第90話 商談2

「ミリスが戻るまで少し時間があります。先に相談内容をお聞きしても構いませんか?」

「はい。えっと、二つあるんですけど。まずはポーション瓶を携帯できる入れ物ってありますかね」

「それは――こういった物でしょうか?」


 レベッカさんが取り出したのは長方形のカメラバッグのような形のしっかりとした作りのバッグだった。かぶせになっているフタ部分を捲ると碁盤の目のように規則正しい仕切りが入っており、ポーション瓶を一本づつ縦に差し込めるようになっているみたいだ。

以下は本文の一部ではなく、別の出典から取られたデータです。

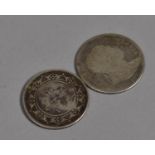 A Victorian Newfoundland Silver 50 Centimes and a George III Coin, Both Badly Rubbed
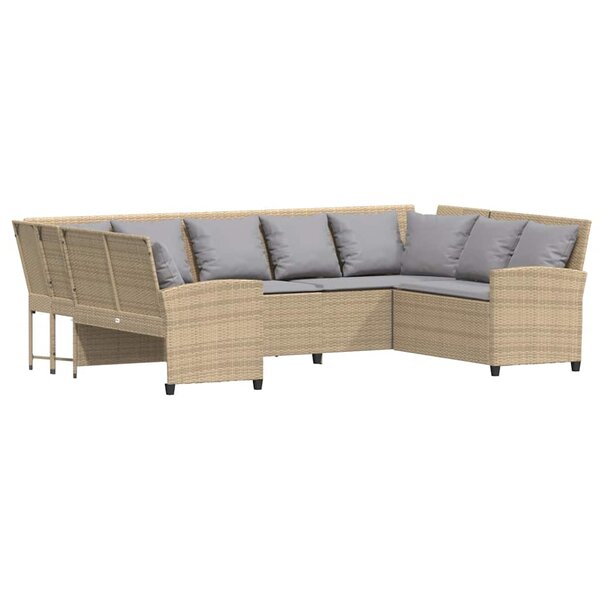 vidaXL Canapé de jardin avec coussins beige résine tressée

 これなら瓶同士が当たって割れる心配もないかな。――ただ俺が言ったのは一本、もしくは数本程度を携帯できるケースなんだよね。まぁ今シオンに持たせてるバッグじゃ色々問題もあるからこれも欲しいけど。


「こちらはポーションを持ち運ぶ時用のポーションバッグになります。魔導具になっており指定した者以外は開けることが出来ません。魔獣の皮が使われており衝撃に強く、五十本のポーション瓶が収納できます。ヤマト様がお持ちでなかったようなので我々の方でご用意いたしました。どうぞお使いください」

「ありがとうございます。専用のバッグが欲しいと思っていたので助かります。……これとは別に一、二本を携帯することができる入れ物ってありますか? 万が一に備えて普段から持ち歩きたいと思っているのですけど」

「持ち歩く、ですか。……そう、ですね。それなら職人にオーダーメイドで作らせた方がよろしいかと思います。このポーションバッグを作っている職人を紹介しましょう。商業ギルドの名前で依頼すれば最優先で仕上げてくれるでしょう」


 レベッカさん曰く、高価なポーションを普段から身に付けて歩く人はいないみたいだ。そもそも普通のポーションには使用期限があり劣化するため保管にも専用の設備が必要なのだそうだ。使う目的がないのに持ち歩くのは長旅に出る貴族など高位の者ぐらいなもので、街で生活している者が携帯することはないみたいだ。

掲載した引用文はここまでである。